Provided data below:

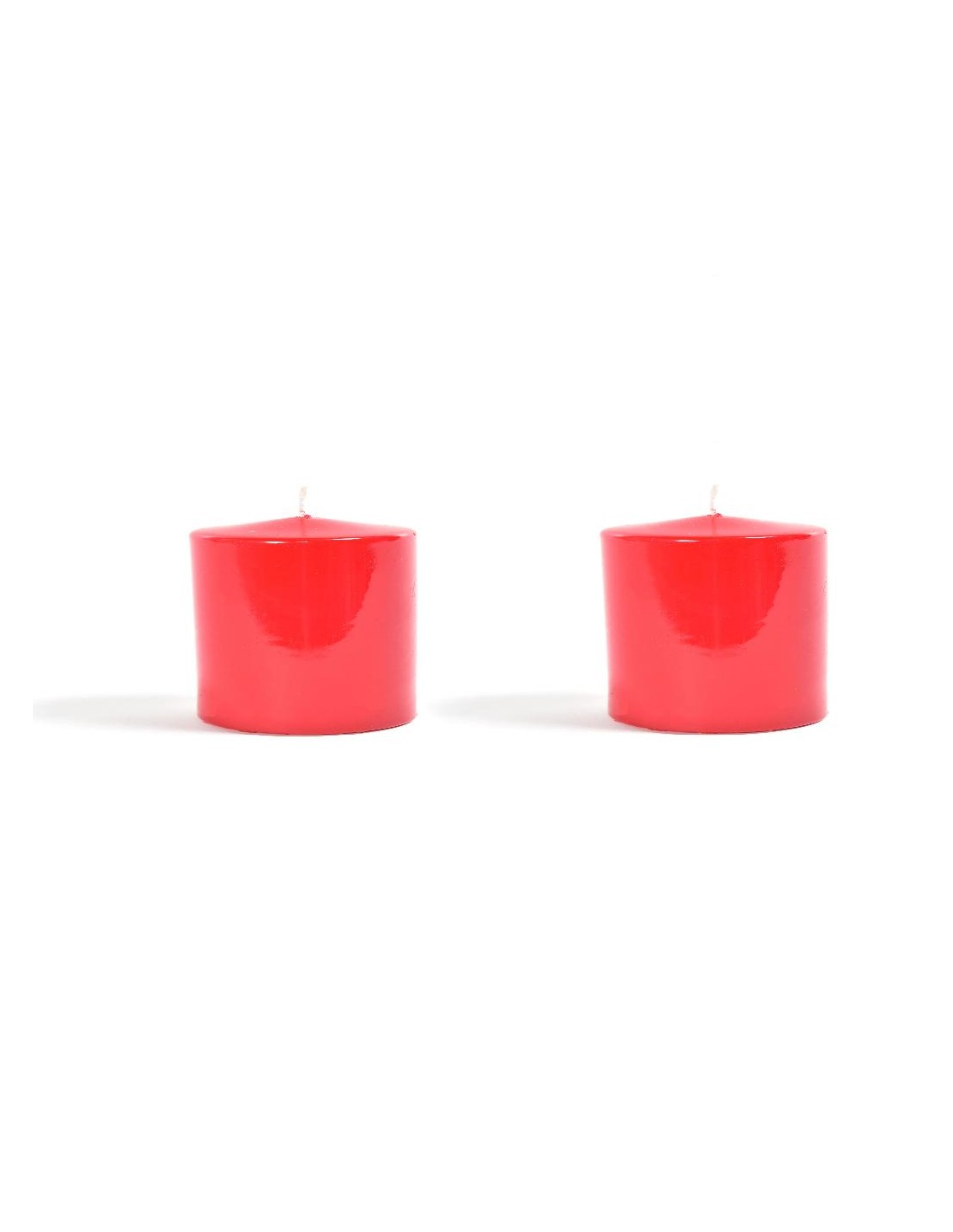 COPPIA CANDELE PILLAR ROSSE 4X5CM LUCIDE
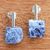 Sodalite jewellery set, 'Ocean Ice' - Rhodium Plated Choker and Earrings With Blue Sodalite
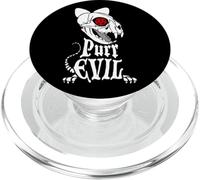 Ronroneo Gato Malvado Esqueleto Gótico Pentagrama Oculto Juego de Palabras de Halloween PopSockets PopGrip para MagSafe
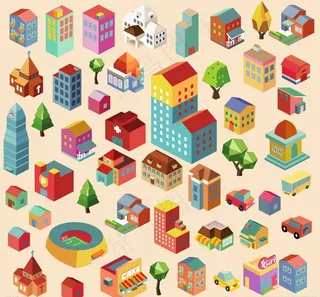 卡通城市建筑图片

End of Provided data.
Provided data below:

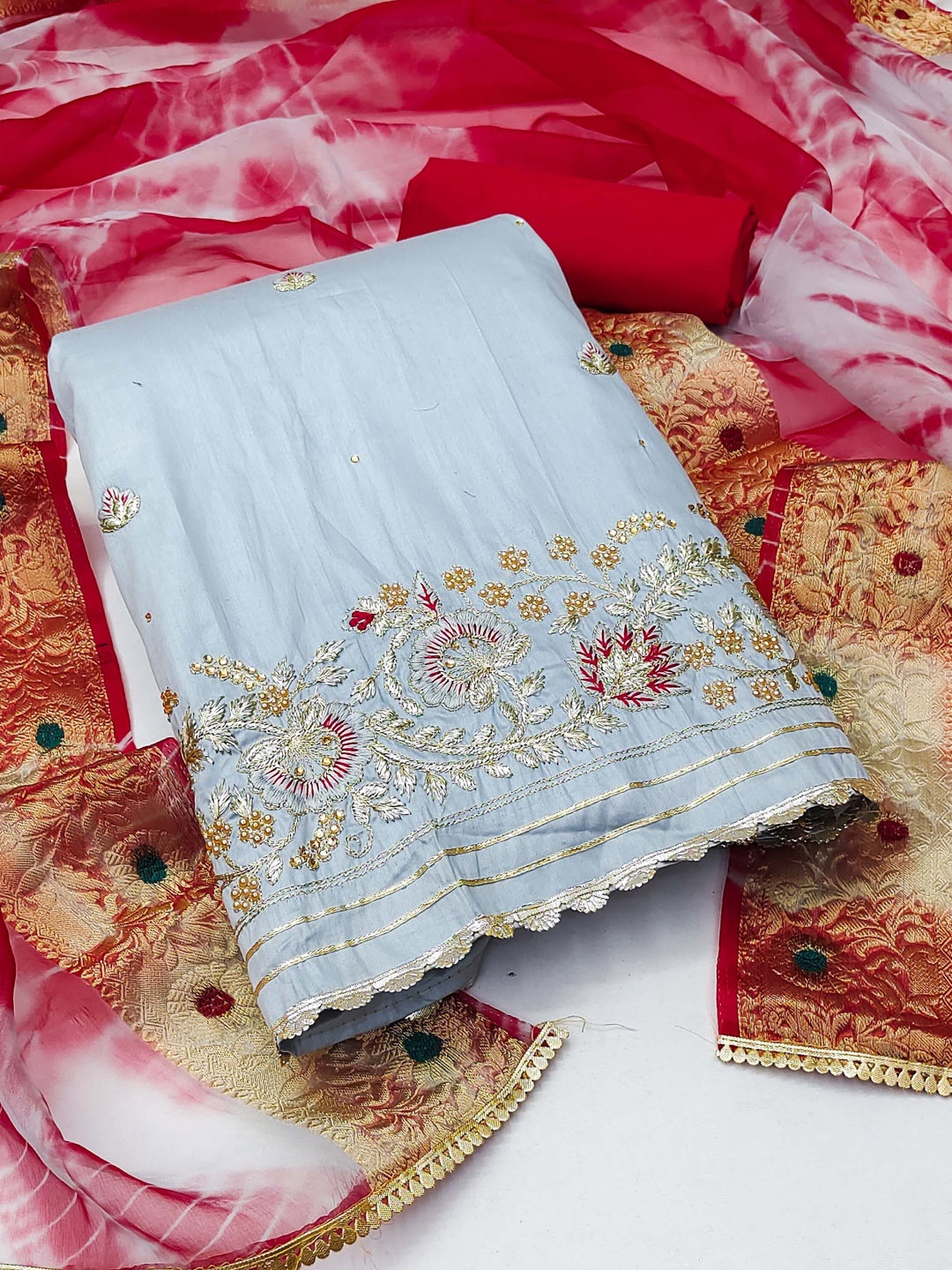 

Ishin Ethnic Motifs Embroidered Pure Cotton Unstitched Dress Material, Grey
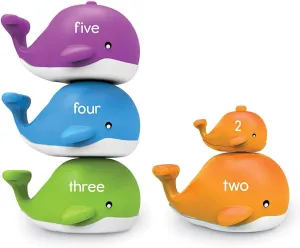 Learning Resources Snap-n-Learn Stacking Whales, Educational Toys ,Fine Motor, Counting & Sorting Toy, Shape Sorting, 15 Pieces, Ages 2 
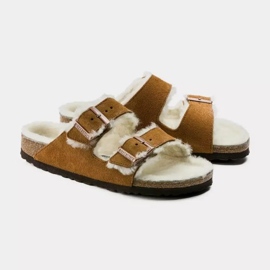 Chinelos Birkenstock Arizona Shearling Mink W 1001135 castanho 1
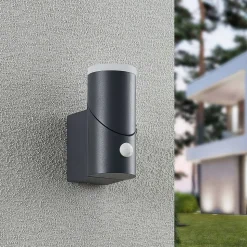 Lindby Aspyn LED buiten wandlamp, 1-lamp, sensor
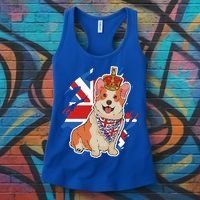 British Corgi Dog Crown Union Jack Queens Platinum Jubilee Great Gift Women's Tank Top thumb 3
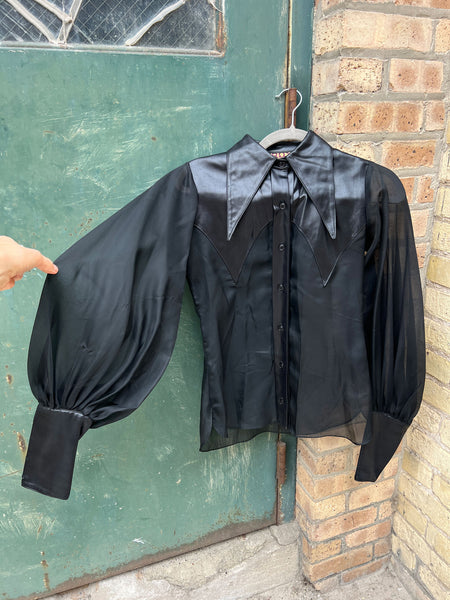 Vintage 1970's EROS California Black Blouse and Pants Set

End of Provided data.

Instructions to follow
Copy nothing but the lines above that run from the one with "Lindby Aspyn LED" to the one with "Vintage 1970's EROS", ends included; pictures stay out.

Written answer
 Lindby Aspyn LED buiten wandlamp, 1-lamp, sensor
 British Corgi Dog Crown Union Jack Queens Platinum Jubilee Great Gift Women's Tank Top thumb 3
 Vintage 1970's EROS California Black Blouse and Pants Set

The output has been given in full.